Decisions That Are Based on a Qualified Majority and Decisions That Require Consent
As a rule, a proposal that is supported by more than half of the votes cast shall constitute the decision of the general meeting. Pursuant to the Limited Liability Companies Act, certain decisions – such as decisions to amend the articles of association and decisions on directed share issues – nevertheless require a qualified majority of two-thirds of the votes cast and represented at the meeting. Moreover, the Limited Liability Companies Act provides that specific shareholders or all shareholders must consent to a decision limiting the rights arising from shares or increasing the obligations of shareholders.
Rights of Shareholders Owning No Less Than 10% of the Company’s Shares
Shareholders who hold no less than 10% of the company’s shares may, subject to certain conditions,
- demand that an extraordinary general meeting be called to address a specific issue;
- demand that a minority dividend be distributed;
- demand that decisions concerning the adoption of the company’s financial statements, the distribution of assets and the discharge from liability of the directors and managing director be deferred to a continuation meeting;
- bring an action against the company’s directors, the managing director, or another shareholder for the payment of damages to the company; and
- propose that a special audit be carried out (in addition to the support of a sufficient number of votes at the general meeting, this also requires that the Regional State Administrative Agency approves the application for the special audit).

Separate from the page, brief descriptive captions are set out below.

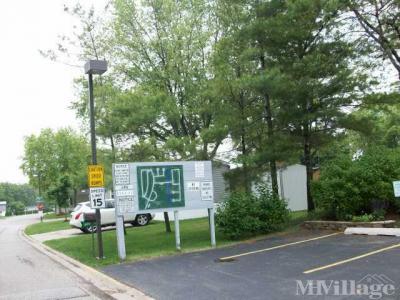 Photo 3 of 6 of park located at 1 Timber Creek Drive Round Lake, IL 60073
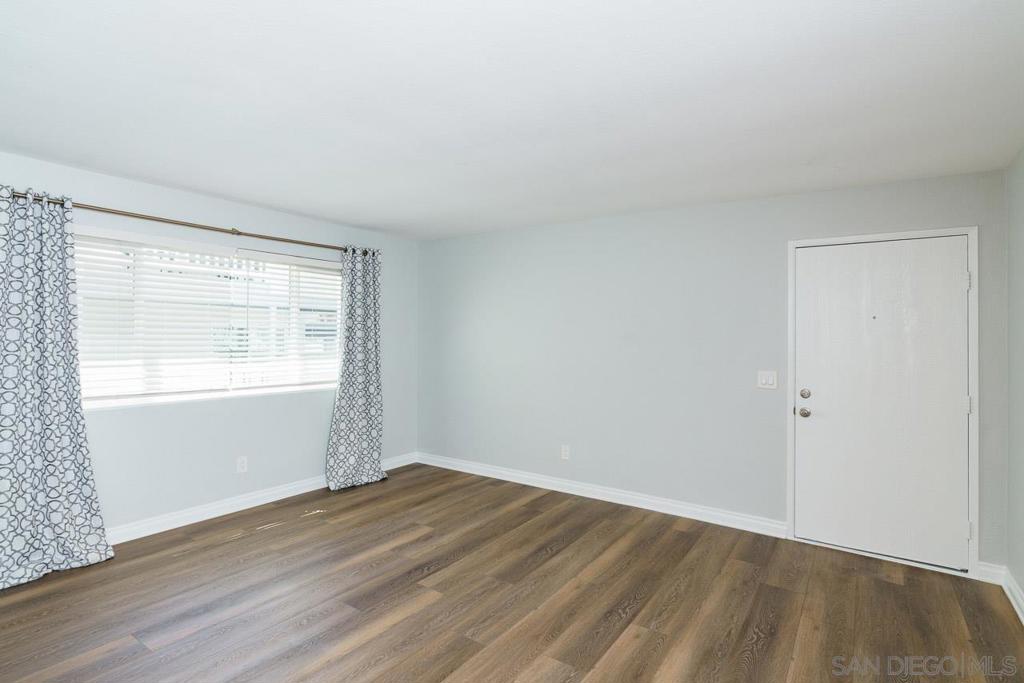 10760 N Magnolia Avenue B7 Property Photo 4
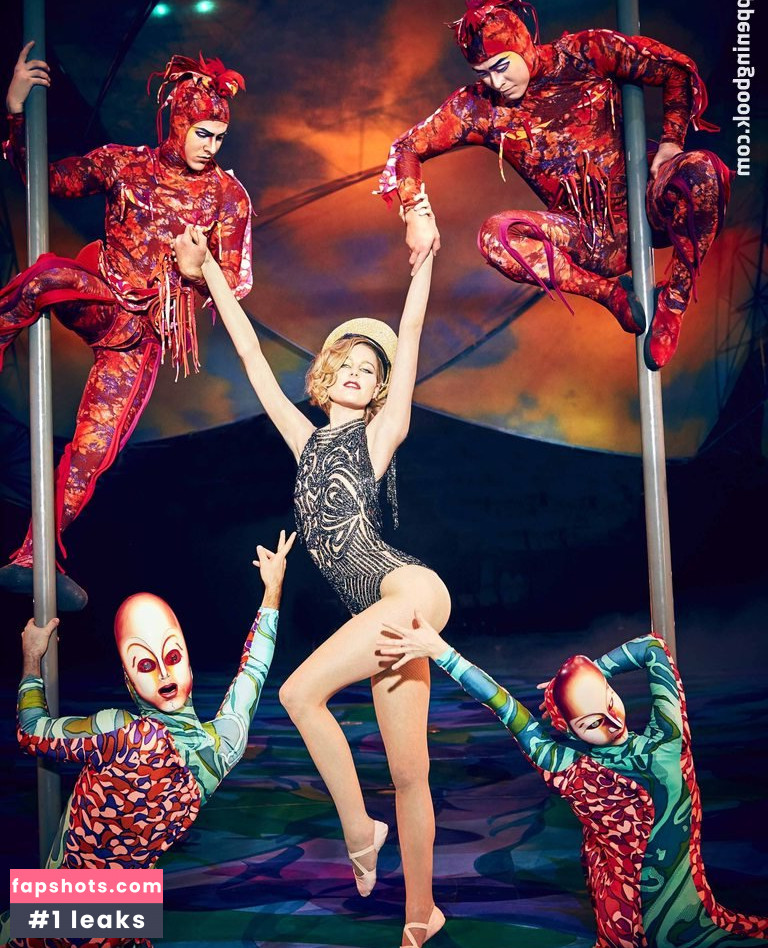 Maja Manczak gallery photo #5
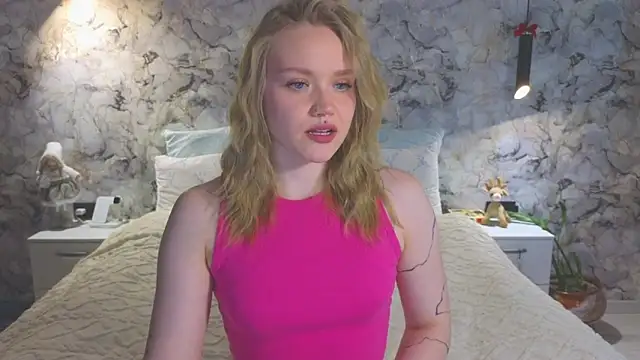 Aurora Golden1 online show from June 4, 2026, 12:43 pm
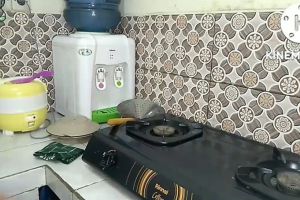 Cuma modal 1 bahan dapur, ini cara bersihkan noda bekas makanan di kompor atau meja agar kinclong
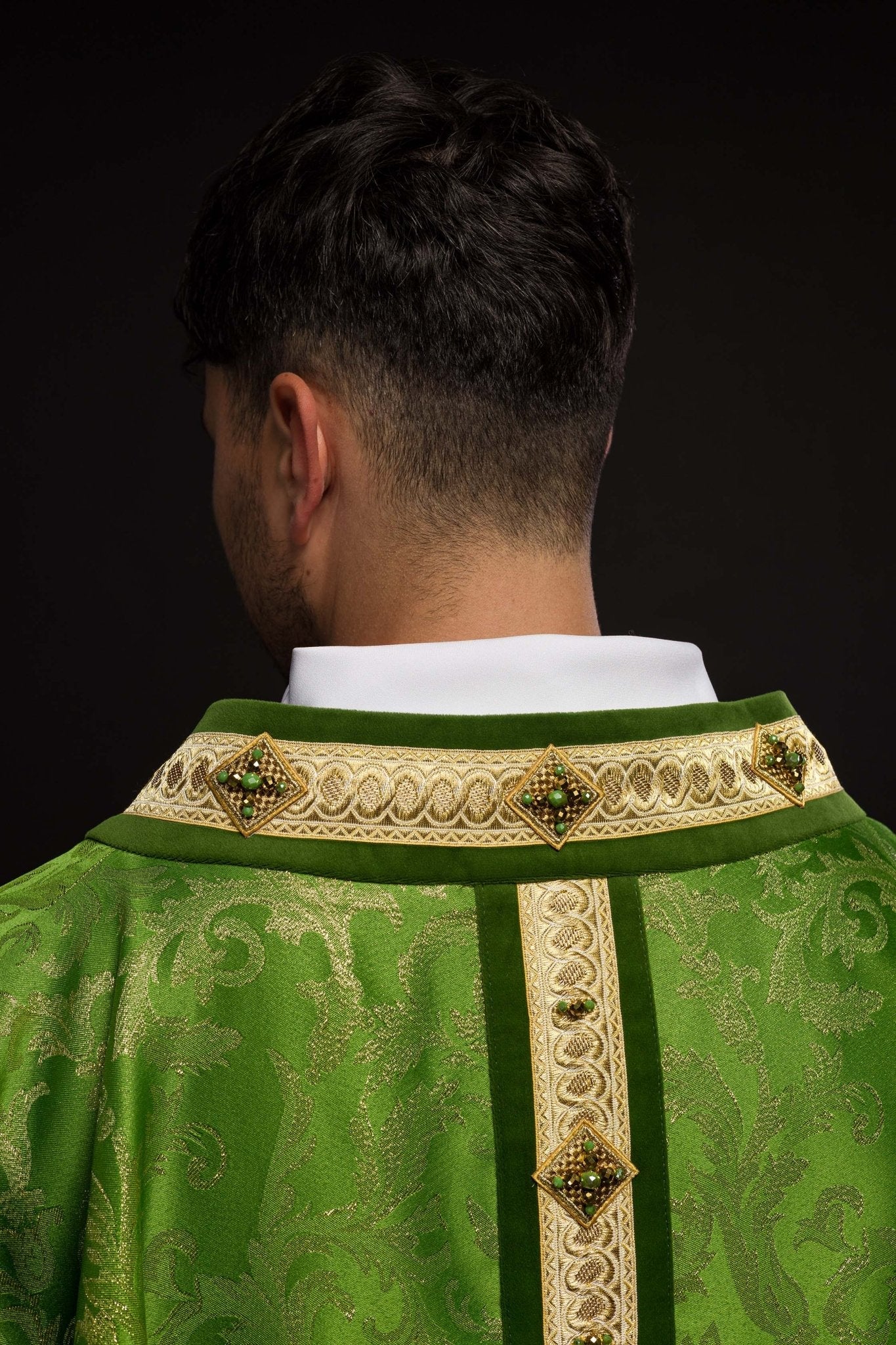 Chasuble faite à la main avec des pierres naturelles Handmade 7003 HM/7003/01/90 - CHASUBLES.FR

Right to Request Information and Submit Draft Resolutions
Every shareholder has the right to request information about any of the items on the agenda of a general meeting. At the annual general meeting, the right to request information covers the company’s financial situation on a more general level. Shareholders also have the right to submit proposals for decisions that fall within the competence of the general meeting and that are on the agenda of that meeting.
Shareholders have the right to have a matter falling within the competence of the general meeting dealt with by the general meeting, provided that the shareholder so demands in writing from the board of directors well in advance, so that the matter can be included in the meeting notice.